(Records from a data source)
=-=-=-=-=

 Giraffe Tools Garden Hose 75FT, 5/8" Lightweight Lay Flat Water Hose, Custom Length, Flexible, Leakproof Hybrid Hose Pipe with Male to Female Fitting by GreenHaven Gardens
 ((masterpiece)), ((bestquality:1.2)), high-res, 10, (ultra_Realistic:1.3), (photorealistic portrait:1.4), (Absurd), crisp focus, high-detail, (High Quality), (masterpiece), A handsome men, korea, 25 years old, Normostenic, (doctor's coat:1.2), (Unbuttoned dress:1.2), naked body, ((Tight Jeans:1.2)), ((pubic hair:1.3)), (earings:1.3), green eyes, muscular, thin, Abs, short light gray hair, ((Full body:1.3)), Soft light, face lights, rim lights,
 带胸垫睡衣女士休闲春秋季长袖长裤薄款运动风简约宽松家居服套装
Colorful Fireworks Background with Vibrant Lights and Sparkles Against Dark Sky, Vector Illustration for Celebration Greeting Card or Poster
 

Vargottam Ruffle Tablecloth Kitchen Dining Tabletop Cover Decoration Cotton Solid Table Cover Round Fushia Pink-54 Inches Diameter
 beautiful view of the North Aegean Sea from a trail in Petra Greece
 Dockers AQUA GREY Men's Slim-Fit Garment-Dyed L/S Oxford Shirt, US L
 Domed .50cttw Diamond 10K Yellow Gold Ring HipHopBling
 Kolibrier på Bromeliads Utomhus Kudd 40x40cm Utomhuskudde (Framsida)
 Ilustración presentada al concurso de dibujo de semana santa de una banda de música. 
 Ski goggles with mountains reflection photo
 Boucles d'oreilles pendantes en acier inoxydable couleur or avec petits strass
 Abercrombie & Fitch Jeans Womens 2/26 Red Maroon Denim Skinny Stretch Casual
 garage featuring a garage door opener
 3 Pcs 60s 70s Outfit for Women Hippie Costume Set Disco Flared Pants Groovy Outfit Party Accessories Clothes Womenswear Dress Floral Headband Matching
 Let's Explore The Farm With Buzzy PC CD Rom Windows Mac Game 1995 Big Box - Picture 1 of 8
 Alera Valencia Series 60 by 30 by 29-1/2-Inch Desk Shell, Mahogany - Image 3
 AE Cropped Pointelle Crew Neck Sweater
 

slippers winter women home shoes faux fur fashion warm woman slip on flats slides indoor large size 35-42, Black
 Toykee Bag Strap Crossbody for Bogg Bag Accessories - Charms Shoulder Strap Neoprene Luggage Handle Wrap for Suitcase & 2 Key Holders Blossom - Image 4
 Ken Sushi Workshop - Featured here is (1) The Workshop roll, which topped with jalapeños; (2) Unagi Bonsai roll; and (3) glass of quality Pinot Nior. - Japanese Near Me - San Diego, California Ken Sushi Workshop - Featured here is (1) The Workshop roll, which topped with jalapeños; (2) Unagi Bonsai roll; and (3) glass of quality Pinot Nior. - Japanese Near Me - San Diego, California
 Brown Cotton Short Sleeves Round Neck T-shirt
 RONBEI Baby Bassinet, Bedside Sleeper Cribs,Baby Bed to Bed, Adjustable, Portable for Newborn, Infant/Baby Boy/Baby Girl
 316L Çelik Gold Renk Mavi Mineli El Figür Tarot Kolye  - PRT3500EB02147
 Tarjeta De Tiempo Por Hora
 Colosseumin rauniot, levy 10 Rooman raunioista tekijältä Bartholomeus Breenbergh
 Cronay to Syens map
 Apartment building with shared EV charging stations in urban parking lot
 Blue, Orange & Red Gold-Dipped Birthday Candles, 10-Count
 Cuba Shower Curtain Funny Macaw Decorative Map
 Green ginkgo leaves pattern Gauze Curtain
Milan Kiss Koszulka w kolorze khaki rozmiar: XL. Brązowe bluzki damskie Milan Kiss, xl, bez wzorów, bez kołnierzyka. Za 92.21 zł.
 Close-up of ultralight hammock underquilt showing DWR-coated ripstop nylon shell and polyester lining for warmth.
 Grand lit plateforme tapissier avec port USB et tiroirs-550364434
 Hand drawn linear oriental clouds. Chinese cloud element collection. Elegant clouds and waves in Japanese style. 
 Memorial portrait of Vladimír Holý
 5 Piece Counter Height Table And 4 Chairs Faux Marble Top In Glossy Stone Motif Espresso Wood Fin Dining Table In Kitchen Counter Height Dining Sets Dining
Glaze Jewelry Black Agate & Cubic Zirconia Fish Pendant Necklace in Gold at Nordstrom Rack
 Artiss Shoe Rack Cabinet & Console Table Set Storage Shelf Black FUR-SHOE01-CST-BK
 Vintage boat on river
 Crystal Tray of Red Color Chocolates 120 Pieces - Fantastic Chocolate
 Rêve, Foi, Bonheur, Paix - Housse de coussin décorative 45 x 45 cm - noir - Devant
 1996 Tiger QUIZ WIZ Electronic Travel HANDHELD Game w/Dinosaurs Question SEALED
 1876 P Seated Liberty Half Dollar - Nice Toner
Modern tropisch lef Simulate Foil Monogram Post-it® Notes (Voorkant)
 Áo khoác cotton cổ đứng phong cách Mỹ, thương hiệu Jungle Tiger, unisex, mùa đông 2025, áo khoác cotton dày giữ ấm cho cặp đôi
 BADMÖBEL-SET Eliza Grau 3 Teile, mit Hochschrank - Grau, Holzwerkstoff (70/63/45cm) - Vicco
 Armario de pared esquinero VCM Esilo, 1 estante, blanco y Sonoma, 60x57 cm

=-=-=-=-=

Required work —
Please retype every entry above exactly as it stands.

Written solution —
 Giraffe Tools Garden Hose 75FT, 5/8" Lightweight Lay Flat Water Hose, Custom Length, Flexible, Leakproof Hybrid Hose Pipe with Male to Female Fitting by GreenHaven Gardens
 ((masterpiece)), ((bestquality:1.2)), high-res, 10, (ultra_Realistic:1.3), (photorealistic portrait:1.4), (Absurd), crisp focus, high-detail, (High Quality), (masterpiece), A handsome men, korea, 25 years old, Normostenic, (doctor's coat:1.2), (Unbuttoned dress:1.2), naked body, ((Tight Jeans:1.2)), ((pubic hair:1.3)), (earings:1.3), green eyes, muscular, thin, Abs, short light gray hair, ((Full body:1.3)), Soft light, face lights, rim lights,
 带胸垫睡衣女士休闲春秋季长袖长裤薄款运动风简约宽松家居服套装
Colorful Fireworks Background with Vibrant Lights and Sparkles Against Dark Sky, Vector Illustration for Celebration Greeting Card or Poster
 

Vargottam Ruffle Tablecloth Kitchen Dining Tabletop Cover Decoration Cotton Solid Table Cover Round Fushia Pink-54 Inches Diameter
 beautiful view of the North Aegean Sea from a trail in Petra Greece
 Dockers AQUA GREY Men's Slim-Fit Garment-Dyed L/S Oxford Shirt, US L
 Domed .50cttw Diamond 10K Yellow Gold Ring HipHopBling
 Kolibrier på Bromeliads Utomhus Kudd 40x40cm Utomhuskudde (Framsida)
 Ilustración presentada al concurso de dibujo de semana santa de una banda de música. 
 Ski goggles with mountains reflection photo
 Boucles d'oreilles pendantes en acier inoxydable couleur or avec petits strass
 Abercrombie & Fitch Jeans Womens 2/26 Red Maroon Denim Skinny Stretch Casual
 garage featuring a garage door opener
 3 Pcs 60s 70s Outfit for Women Hippie Costume Set Disco Flared Pants Groovy Outfit Party Accessories Clothes Womenswear Dress Floral Headband Matching
 Let's Explore The Farm With Buzzy PC CD Rom Windows Mac Game 1995 Big Box - Picture 1 of 8
 Alera Valencia Series 60 by 30 by 29-1/2-Inch Desk Shell, Mahogany - Image 3
 AE Cropped Pointelle Crew Neck Sweater
 

slippers winter women home shoes faux fur fashion warm woman slip on flats slides indoor large size 35-42, Black
 Toykee Bag Strap Crossbody for Bogg Bag Accessories - Charms Shoulder Strap Neoprene Luggage Handle Wrap for Suitcase & 2 Key Holders Blossom - Image 4
 Ken Sushi Workshop - Featured here is (1) The Workshop roll, which topped with jalapeños; (2) Unagi Bonsai roll; and (3) glass of quality Pinot Nior. - Japanese Near Me - San Diego, California Ken Sushi Workshop - Featured here is (1) The Workshop roll, which topped with jalapeños; (2) Unagi Bonsai roll; and (3) glass of quality Pinot Nior. - Japanese Near Me - San Diego, California
 Brown Cotton Short Sleeves Round Neck T-shirt
 RONBEI Baby Bassinet, Bedside Sleeper Cribs,Baby Bed to Bed, Adjustable, Portable for Newborn, Infant/Baby Boy/Baby Girl
 316L Çelik Gold Renk Mavi Mineli El Figür Tarot Kolye  - PRT3500EB02147
 Tarjeta De Tiempo Por Hora
 Colosseumin rauniot, levy 10 Rooman raunioista tekijältä Bartholomeus Breenbergh
 Cronay to Syens map
 Apartment building with shared EV charging stations in urban parking lot
 Blue, Orange & Red Gold-Dipped Birthday Candles, 10-Count
 Cuba Shower Curtain Funny Macaw Decorative Map
 Green ginkgo leaves pattern Gauze Curtain
Milan Kiss Koszulka w kolorze khaki rozmiar: XL. Brązowe bluzki damskie Milan Kiss, xl, bez wzorów, bez kołnierzyka. Za 92.21 zł.
 Close-up of ultralight hammock underquilt showing DWR-coated ripstop nylon shell and polyester lining for warmth.
 Grand lit plateforme tapissier avec port USB et tiroirs-550364434
 Hand drawn linear oriental clouds. Chinese cloud element collection. Elegant clouds and waves in Japanese style. 
 Memorial portrait of Vladimír Holý
 5 Piece Counter Height Table And 4 Chairs Faux Marble Top In Glossy Stone Motif Espresso Wood Fin Dining Table In Kitchen Counter Height Dining Sets Dining
Glaze Jewelry Black Agate & Cubic Zirconia Fish Pendant Necklace in Gold at Nordstrom Rack
 Artiss Shoe Rack Cabinet & Console Table Set Storage Shelf Black FUR-SHOE01-CST-BK
 Vintage boat on river
 Crystal Tray of Red Color Chocolates 120 Pieces - Fantastic Chocolate
 Rêve, Foi, Bonheur, Paix - Housse de coussin décorative 45 x 45 cm - noir - Devant
 1996 Tiger QUIZ WIZ Electronic Travel HANDHELD Game w/Dinosaurs Question SEALED
 1876 P Seated Liberty Half Dollar - Nice Toner
Modern tropisch lef Simulate Foil Monogram Post-it® Notes (Voorkant)
 Áo khoác cotton cổ đứng phong cách Mỹ, thương hiệu Jungle Tiger, unisex, mùa đông 2025, áo khoác cotton dày giữ ấm cho cặp đôi
 BADMÖBEL-SET Eliza Grau 3 Teile, mit Hochschrank - Grau, Holzwerkstoff (70/63/45cm) - Vicco
 Armario de pared esquinero VCM Esilo, 1 estante, blanco y Sonoma, 60x57 cm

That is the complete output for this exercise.